To evaluate the potential for false-negative results due to competition that may occur when simultaneously amplifying wild-type hMPV RNA and h-IC, LOD studies were performed with and without the presence of the h-IC. Replicates (n = 6) of a dilution series of hMPV RNA containing 10, 25, 50, 100, and 250 RNA cps/iso (approximately 2, 5, 10, 20, and 50 hMPV RNA cps/amp) were added to NucliSENS lysis buffer containing 200 µl of respiratory sample matrix. h-IC was added to only one set of replicates. Both sets of replicates were extracted using the easyMAG and tested simultaneously with the hMPV assay as described above.

Clinical performance studies. (i) Detection of hMPV in clinical samples. Pediatric respiratory samples (n = 653) were processed and NAs extracted and tested for hMPV as described above. hMPV prevalence rates were stratified by patient age, and rates were compared to all those of other viruses identified from the samples by DFA and R-Mix culture.

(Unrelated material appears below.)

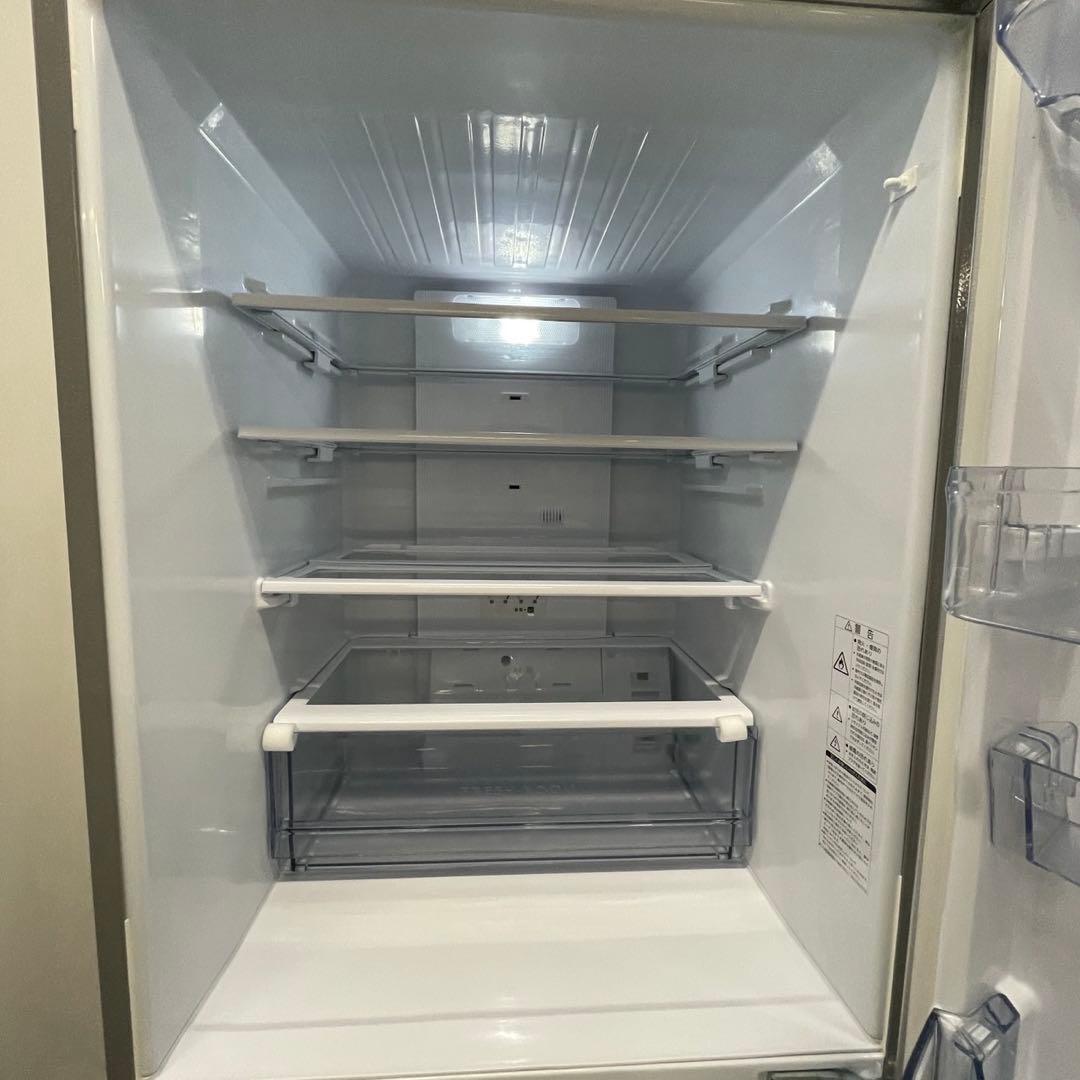 443⭕️冷蔵庫　最新　24年　大型　350ℓ　右開き　設置無料　安い　綺麗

(ii) Evaluation of clinical specificity and clinical sensitivity. Clinical specificity and sensitivity were assessed using (i) clinical samples identified by the NucliSENS ASR assay as hMPV positive (n = 35), (ii) a subset (n = 100) of randomly selected NucliSENS ASR hMPV-negative clinical samples, and (iii) additional randomly selected discard adult and pediatric respiratory samples (n = 98) DFA negative for hMPV. NucliSENS hMPV-positive and -negative results were evaluated with an in-house-validated RT-PCR assay using the Pro-hMPV ASRs (Prodesse, WI). Assays were performed using the SmartCycler real-time PCR instrument (Cepheid, Sunnyvale, CA).

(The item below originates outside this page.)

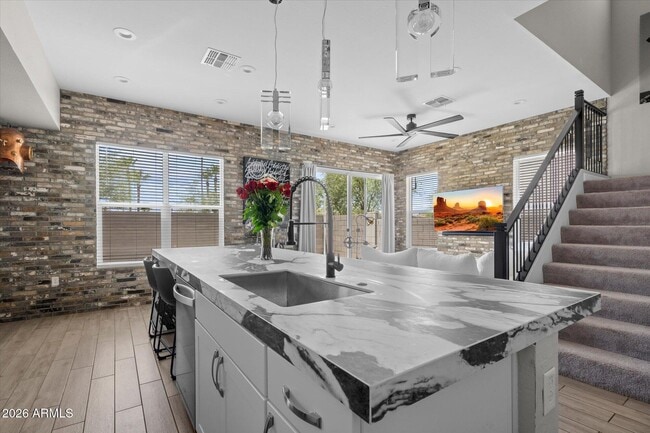 Building Photo - 5041 E Woodridge Dr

(iii) Evaluation and comparison of the NucliSENS miniMAG and easyMAG extraction platforms. Factors assessed in this study that can be affected by the extraction method include the LOD, the reproducibility of clinical sample results, and the rates of inhibited clinical samples. The LOD results generated from miniMAG and easyMAG NA eluates derived from the same dilution series were used to compare the extraction efficiencies of the two methods. Reproducibility of results was assessed by a comparison of the 85 samples extracted by both methods and then tested for hMPV. The rate of inhibited samples, as indicated by a failed h-IC, was determined for each method individually and from the subset of 85 samples extracted by both methods.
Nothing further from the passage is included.